Saturday 27 March 2010

Ten(tative) Commandments of Life-Writing

'1) Grab the reader's attention from the off. You can't hit us with everything at once. You don't even need to start with a major episode from the central narrative. But you have to draw us in - and hint at what lies ahead.

2) Put us there. Make us see hear, smell, taste and touch. In general use dialogue rather than reported speech. Whatever the episode, it's vivid to you (or you wouldn't have chosen to write about it), so make it vivid to us.

3) Dramatise yourself as the narrator. This is your story (or a story to do with your family, or a story about someone you think important), and as our guide you can neither be a blank sheet or too prim or perfect (if you are we'll hate you for it). Don't go missing at intense emotional moments of the narrative. It's not compulsory to be confessional (some of us are shy) but you should let us get to know you a little. You're a character too.

4) Be strict about point of view. If you're writing from the vantage point of a child, create a voice that sounds like a child (at least partly). When dealing with moments of pain, panic or crisis, use an idiom that conveys that. You can't afford to be too calm, impersonal or retrospectively all-knowing or we won't be engaged or convinced.

5) Choose your tense and stick with it. The use of the present tense will create immediacy - but can also inhibit measured reflection. The past tense is the more obvious choice for memoirs - but can seem too sedate and tidy. There may be a case for using both in the course of a book, but through any single episode or sequence you should be consistent.

6) Remember God is in the detail. For your story to speak to others, it has to be specific. The details that mark an episode as unique (and which you may fear are too personal and idiosyncratic) will be the ones that make it universal. The stronger our impression of something happening to a particular person at a particular time in a particular place, the greater our sense of recognition.

7) Use the same storytelling devices that novelists use - not least in terms of plot, character, voice, motif and structure. You're telling a story with a beginning. middle and end (though not necessarily in that order). Just because it's non-fiction doesn't mean you can't be 'literary'.

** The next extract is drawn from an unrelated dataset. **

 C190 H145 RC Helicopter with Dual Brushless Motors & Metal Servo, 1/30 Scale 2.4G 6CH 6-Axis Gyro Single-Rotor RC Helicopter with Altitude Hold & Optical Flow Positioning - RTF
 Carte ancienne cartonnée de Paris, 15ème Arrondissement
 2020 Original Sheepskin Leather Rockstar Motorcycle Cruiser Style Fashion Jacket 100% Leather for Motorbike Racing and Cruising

8) Give signposts. Find ways to help the reader along, especially if you have complex plot and/or large cast list. You're writing non-fiction so it's important that we believe you - and trust in your literary skills. If you don't feel like a reliable narrator, because you're recalling events of decades ago or incidents you weren't present at, you can always signal that to the reader - to do so will make you seem doubly reliable.

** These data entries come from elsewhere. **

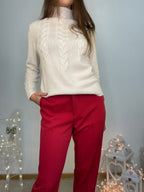 Pantalone cigarette con risvolto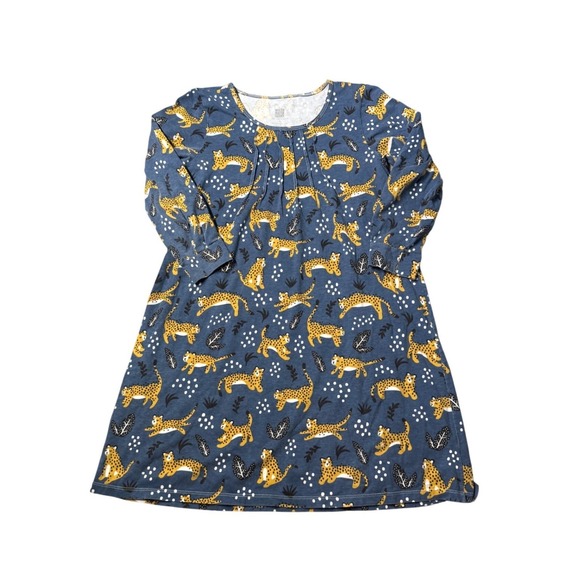 Winter Water Factory Dresses & Skirts - Winter Water Factory Blue Leopard Organic Cotton Dress Women's Small Made USA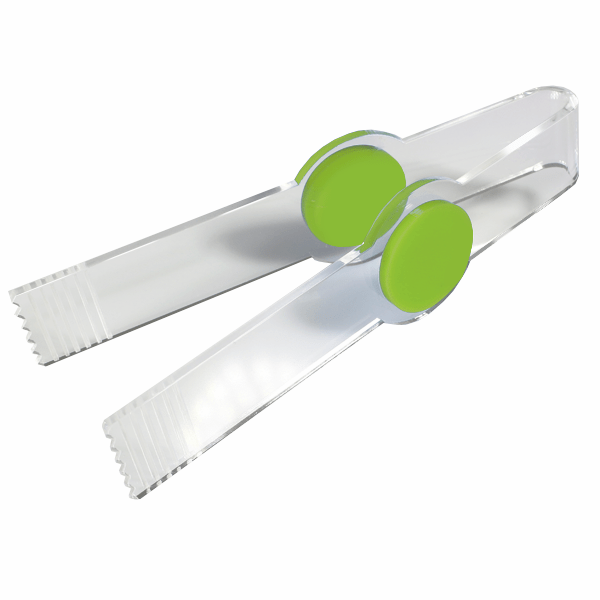 Pinza de metacrilato transparente con detalle en color, ideal para tiendas de golosinas, autoservicio o productos a granel. Diseño ergonómico, ligera y resistente, perfecta para una manipulación higiénica y atractiva en entornos comerciales.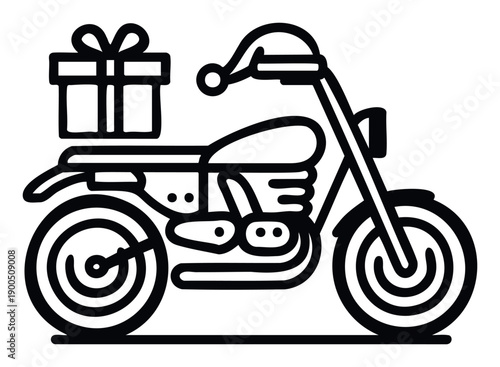 Simple outline drawing of a motorcycle decorated with a festive Santa hat and carrying a special gift box, ideal for holiday promotions, Christmas advertisements, and seasonal delivery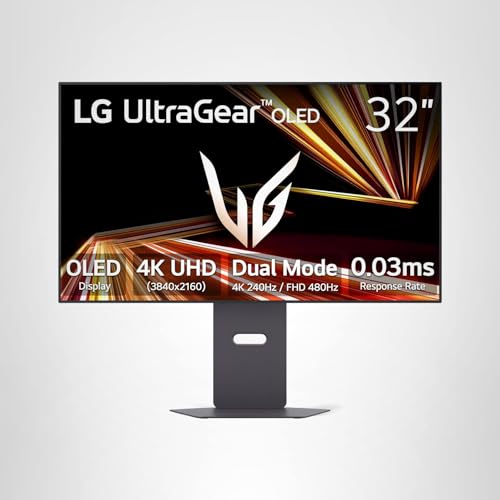 LG 32GX870A-B 32-inch Ultragear 4K UHD (3840 x 2160) OLED Gaming Monitor, Dual-Mode, 240Hz, 0.03ms, NVIDIA, AMD FreeSync Premium Pro, VESA DisplayHDR True Black 400, USB Type-C, DP2.1, Black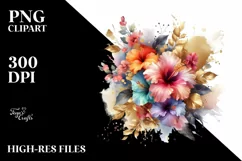 Abstract Colorful Bouquet Gold Foil Hibiscus Clipart Product Image 3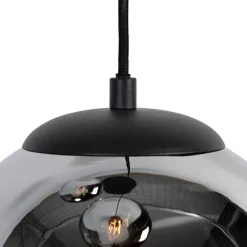 QAZQA Art-Deco-Pendelleuchte schwarz mit Rauchglas 3-flammig - Pallon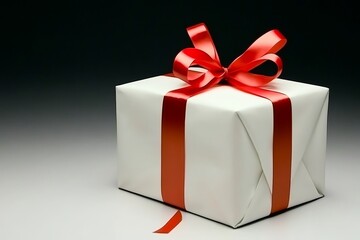 Obraz premium Caja de regalo blanca con lazo rojo, lista para una ocasión especial o celebración.
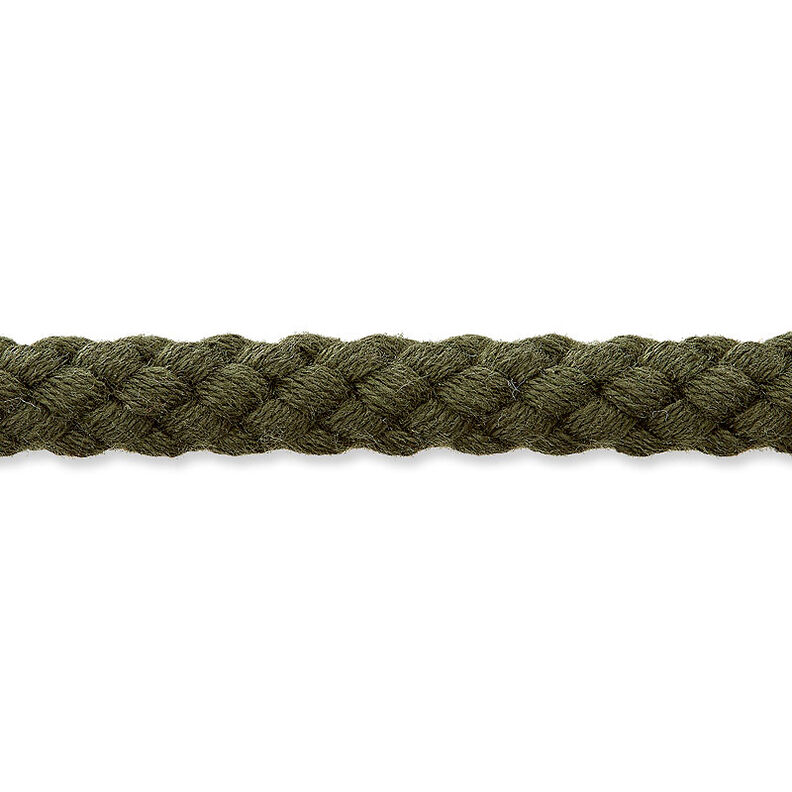 Bavlněná šňůrka [Ø 7 mm] – tmave olivová,  image number 1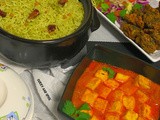 Dry spiced paneer & curry leaf coriander rice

9) Be surprising. Work against the material. The reader will bring his or her own experience to it, so you should allow for that and avoid the expected response - to find humour round a death-bed, say, or tenderness amid misery and abuse. Vary the tone. Avoid cosiness and hagiography when describing happier times or loved relations. And if you're dealing with traumatic material, be careful to stop it from becoming relentlessly grim.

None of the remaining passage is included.